Saved data entries:
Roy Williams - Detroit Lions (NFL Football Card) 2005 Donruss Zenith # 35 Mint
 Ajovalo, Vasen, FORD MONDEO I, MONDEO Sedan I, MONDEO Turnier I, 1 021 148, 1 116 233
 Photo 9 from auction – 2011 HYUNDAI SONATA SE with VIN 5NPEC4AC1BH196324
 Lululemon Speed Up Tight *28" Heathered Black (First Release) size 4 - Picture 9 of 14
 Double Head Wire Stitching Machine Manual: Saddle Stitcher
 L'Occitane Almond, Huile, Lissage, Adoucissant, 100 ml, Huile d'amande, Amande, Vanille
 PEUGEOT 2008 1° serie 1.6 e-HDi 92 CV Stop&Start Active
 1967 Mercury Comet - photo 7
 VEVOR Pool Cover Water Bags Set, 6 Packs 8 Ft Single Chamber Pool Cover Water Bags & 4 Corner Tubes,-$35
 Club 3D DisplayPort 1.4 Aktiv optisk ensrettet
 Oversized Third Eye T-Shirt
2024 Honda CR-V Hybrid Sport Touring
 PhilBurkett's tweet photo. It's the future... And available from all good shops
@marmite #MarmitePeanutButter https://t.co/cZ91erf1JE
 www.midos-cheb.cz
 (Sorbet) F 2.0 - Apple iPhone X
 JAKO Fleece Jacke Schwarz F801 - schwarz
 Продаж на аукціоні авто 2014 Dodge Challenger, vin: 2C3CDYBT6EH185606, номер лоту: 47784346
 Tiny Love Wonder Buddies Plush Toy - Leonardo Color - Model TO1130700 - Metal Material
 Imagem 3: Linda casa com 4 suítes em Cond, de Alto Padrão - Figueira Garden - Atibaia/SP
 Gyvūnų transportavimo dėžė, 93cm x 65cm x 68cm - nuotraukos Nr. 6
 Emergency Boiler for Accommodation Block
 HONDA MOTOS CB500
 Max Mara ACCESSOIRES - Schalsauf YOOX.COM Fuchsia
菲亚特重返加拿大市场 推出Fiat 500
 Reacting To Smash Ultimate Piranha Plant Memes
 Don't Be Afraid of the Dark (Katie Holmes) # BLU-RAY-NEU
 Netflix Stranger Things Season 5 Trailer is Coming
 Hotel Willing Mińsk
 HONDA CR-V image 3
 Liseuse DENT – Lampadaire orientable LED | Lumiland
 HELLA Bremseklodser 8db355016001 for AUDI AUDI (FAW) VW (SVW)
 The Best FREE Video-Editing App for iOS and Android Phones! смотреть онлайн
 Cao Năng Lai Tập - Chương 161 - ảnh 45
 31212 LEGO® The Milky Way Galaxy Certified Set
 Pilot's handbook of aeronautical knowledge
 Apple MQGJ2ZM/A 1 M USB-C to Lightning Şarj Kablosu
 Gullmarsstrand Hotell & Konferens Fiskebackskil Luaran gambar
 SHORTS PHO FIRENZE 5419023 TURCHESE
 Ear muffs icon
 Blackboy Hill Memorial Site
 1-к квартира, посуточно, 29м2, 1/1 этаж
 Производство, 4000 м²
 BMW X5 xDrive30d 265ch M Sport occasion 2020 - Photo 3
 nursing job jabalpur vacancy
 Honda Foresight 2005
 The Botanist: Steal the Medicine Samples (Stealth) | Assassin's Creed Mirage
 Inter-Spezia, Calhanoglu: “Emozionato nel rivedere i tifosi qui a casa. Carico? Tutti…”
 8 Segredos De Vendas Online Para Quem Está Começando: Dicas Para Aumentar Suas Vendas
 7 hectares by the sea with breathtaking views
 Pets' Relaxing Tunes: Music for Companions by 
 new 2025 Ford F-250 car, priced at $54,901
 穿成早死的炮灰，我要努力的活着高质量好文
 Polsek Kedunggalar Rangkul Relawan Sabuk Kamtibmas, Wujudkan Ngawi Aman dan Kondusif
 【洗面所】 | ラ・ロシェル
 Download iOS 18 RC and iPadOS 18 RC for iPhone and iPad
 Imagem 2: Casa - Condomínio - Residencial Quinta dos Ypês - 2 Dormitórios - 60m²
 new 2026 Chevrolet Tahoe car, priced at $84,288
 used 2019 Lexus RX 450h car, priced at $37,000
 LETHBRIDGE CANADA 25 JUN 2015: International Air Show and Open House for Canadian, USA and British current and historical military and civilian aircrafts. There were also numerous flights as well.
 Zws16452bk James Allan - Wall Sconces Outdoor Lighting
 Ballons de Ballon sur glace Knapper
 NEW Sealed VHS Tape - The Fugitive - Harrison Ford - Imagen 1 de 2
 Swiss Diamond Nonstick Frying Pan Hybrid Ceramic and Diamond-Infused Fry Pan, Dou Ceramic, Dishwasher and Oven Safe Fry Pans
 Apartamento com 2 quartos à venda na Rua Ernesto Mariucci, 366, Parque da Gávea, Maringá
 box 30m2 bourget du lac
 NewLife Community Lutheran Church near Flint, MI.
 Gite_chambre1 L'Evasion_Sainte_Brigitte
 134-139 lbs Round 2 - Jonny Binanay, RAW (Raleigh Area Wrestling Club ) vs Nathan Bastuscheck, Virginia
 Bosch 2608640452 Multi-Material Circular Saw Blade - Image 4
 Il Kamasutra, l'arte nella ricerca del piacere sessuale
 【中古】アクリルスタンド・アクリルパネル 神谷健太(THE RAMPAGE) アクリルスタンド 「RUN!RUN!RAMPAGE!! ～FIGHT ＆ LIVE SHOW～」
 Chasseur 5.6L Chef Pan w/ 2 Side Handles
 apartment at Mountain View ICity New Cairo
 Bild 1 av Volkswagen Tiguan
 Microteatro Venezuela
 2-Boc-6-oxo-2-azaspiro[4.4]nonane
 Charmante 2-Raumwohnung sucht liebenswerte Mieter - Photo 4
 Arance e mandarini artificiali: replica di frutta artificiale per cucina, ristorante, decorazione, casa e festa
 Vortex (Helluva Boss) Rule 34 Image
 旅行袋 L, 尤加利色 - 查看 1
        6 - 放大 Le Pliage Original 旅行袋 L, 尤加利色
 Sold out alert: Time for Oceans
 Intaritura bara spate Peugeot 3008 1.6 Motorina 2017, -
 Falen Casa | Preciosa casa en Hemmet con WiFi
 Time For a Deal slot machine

Task requirements: Each line above from the one with "www.midos-cheb.cz" up to and including the one with "Gyvūnų transportavimo dėžė, 93cm" must be set down exactly, and no line outside that span may appear.

Written answer:
 www.midos-cheb.cz
 (Sorbet) F 2.0 - Apple iPhone X
 JAKO Fleece Jacke Schwarz F801 - schwarz
 Продаж на аукціоні авто 2014 Dodge Challenger, vin: 2C3CDYBT6EH185606, номер лоту: 47784346
 Tiny Love Wonder Buddies Plush Toy - Leonardo Color - Model TO1130700 - Metal Material
 Imagem 3: Linda casa com 4 suítes em Cond, de Alto Padrão - Figueira Garden - Atibaia/SP
 Gyvūnų transportavimo dėžė, 93cm x 65cm x 68cm - nuotraukos Nr. 6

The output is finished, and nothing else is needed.